Trig Word Problem Involving System of Equations

Question

Hobbyists often compete with their model rockets to determine which rocket flies the highest. On one test launch, a rocket was fired vertically upward. The angle of elevation to the top of the flight was measured from two points that were 20 m apart, on the same side of the launch site, and collinear with it. The angles measured at the two points were $66$ degrees and $37$ degrees.

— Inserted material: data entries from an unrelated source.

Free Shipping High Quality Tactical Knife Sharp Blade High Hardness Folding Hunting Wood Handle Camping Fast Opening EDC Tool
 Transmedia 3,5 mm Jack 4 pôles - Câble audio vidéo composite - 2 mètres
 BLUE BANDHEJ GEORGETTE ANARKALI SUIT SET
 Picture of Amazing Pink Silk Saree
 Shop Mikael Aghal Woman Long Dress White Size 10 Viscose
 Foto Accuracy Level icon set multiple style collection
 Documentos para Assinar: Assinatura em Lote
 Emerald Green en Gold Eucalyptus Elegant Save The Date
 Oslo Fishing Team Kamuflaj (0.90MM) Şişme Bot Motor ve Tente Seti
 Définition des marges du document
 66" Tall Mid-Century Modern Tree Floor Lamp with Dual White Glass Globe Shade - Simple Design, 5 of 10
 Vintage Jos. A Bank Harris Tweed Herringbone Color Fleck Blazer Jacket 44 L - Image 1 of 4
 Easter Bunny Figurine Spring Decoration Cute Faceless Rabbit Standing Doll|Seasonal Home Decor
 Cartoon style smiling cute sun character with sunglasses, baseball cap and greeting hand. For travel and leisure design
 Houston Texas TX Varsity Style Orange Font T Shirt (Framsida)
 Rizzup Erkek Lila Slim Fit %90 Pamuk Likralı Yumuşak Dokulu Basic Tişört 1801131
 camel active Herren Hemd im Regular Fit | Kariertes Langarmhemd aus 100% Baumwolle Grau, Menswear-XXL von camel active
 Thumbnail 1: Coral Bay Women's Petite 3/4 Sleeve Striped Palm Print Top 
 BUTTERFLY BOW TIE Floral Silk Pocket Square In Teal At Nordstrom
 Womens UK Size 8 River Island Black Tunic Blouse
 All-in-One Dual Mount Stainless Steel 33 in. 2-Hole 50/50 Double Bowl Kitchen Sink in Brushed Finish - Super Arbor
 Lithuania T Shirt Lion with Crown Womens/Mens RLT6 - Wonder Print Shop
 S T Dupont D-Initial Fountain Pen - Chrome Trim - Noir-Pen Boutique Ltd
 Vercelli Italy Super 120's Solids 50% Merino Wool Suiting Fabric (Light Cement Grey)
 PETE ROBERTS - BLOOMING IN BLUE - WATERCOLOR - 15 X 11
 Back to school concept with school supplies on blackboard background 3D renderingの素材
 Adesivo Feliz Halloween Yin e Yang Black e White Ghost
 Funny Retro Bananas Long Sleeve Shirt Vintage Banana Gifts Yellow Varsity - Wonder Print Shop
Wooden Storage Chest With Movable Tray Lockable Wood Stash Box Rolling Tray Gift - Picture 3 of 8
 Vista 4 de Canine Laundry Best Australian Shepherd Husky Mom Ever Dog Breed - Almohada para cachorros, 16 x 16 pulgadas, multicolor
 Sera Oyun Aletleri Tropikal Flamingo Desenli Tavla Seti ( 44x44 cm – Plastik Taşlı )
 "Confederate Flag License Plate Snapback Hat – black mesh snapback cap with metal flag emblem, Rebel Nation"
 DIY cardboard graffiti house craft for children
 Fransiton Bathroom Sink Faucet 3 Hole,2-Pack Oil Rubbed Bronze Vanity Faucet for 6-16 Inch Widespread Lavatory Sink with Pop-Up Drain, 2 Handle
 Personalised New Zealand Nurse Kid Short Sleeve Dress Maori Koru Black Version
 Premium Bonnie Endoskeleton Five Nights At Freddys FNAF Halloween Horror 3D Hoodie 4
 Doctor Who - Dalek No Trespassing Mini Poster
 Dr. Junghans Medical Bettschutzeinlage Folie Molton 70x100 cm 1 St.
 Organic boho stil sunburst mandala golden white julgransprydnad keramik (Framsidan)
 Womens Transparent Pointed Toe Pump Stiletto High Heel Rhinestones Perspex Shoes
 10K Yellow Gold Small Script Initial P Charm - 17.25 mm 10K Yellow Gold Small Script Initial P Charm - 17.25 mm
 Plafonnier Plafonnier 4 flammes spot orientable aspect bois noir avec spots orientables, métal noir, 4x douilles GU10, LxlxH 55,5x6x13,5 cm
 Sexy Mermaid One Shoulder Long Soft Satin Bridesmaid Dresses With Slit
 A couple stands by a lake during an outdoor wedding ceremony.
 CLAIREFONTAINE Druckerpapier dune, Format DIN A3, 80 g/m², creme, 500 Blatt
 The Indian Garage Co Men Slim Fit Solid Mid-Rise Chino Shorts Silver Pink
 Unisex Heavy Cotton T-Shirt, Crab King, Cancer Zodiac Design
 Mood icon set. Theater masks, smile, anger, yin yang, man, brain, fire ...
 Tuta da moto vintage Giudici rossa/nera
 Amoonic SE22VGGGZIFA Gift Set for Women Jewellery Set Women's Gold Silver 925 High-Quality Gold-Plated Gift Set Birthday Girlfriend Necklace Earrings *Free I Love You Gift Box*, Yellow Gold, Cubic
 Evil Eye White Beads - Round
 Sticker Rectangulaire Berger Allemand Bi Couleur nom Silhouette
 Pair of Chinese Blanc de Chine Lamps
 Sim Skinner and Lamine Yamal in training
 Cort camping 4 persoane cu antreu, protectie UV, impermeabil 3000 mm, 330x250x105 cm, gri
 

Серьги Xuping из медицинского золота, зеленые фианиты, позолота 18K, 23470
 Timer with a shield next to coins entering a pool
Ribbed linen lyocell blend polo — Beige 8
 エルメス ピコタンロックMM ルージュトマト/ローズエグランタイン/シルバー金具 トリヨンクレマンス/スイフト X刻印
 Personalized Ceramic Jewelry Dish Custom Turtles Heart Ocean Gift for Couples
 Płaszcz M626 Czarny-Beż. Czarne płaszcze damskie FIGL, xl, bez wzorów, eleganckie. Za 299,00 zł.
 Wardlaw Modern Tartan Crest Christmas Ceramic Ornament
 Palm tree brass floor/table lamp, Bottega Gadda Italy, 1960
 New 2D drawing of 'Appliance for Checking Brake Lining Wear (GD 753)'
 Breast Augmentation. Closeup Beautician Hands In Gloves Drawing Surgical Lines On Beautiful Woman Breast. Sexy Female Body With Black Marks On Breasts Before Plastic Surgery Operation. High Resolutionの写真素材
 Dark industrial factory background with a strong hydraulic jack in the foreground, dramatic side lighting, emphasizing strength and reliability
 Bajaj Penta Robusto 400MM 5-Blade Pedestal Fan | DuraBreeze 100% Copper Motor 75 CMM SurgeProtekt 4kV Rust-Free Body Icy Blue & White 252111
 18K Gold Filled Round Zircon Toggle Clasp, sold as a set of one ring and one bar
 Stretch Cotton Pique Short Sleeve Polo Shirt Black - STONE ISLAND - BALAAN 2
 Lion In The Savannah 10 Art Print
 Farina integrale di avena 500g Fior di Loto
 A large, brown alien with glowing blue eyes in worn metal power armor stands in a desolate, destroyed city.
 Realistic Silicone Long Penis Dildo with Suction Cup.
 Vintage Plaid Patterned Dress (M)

How high did the rocket fly, to the nearest metre?

I drew a diagram with the base floor, and a rocket flying upward, with two points on the same ground level of the floor, and a line from one point to another showing that the distance is $20~\text{m}$.

I then measured $\tan 66^\circ = h/x$, and $\tan 37^\circ = h/(20 - x)$, and solved the system of equations. I got the wrong answer though, and even verified in wolframalpha, verifying the fact that I did indeed get a wrong answer.

I looked for solutions online and people say they differentiate between the two lengths of the points as $x - 20$, and $x$, as opposed to $x$ and $20 - x$, wouldn't it be $20 - x$, and $x$, since $(20 - x) + x = 20$, which is the sum of the two sides, as opposed to $(x - 20) + x = 2x - 20$? I'm getting the wrong answers when having $20 - x$, but the right answers when having $x - 20$. Can anyone help me out here?

Thanks!

Answer 1

The observer who measures the angle of elevation to the rocket to be $66^\circ$ is closer than the observer who measures the angle of elevation to be $37^\circ$.

Consequently, if $x$ is the distance from the closer observer to the point where the rocket is launched, then

$$\tan(66^\circ) = \frac{h}{x}$$

and, since the second observer is $20~\text{m}$ farther from the launch site,

$$\tan(37^\circ) = \frac{h}{x + 20~\text{m}}$$